Your assignment —
Transcribe the listing that follows in full, omitting pictures.

Data extract —
##############################
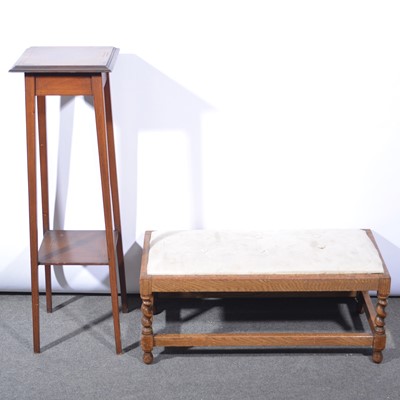 Lot 569 - Oak double stool and a plant stand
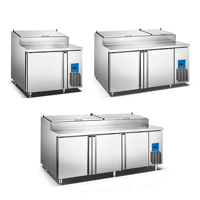 Table de préparation réfrigérée professionnelle pour buffet, avec refroidissement par air et vitrine réfrigérée pour salades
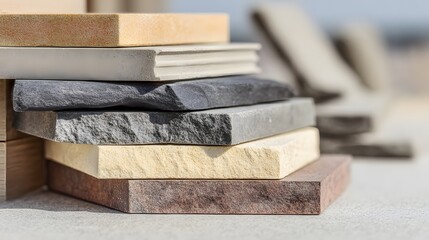 Stack of assorted construction material samples demonstrates various textures and colors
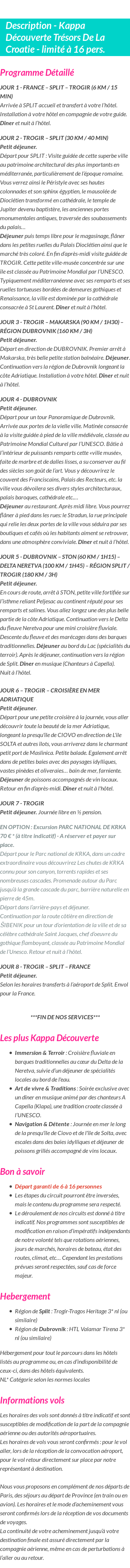 Détails du séjour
##############################
Completed task —
 Lot 569 - Oak double stool and a plant stand
 Table de préparation réfrigérée professionnelle pour buffet, avec refroidissement par air et vitrine réfrigérée pour salades
 Stack of assorted construction material samples demonstrates various textures and colors
 Détails du séjour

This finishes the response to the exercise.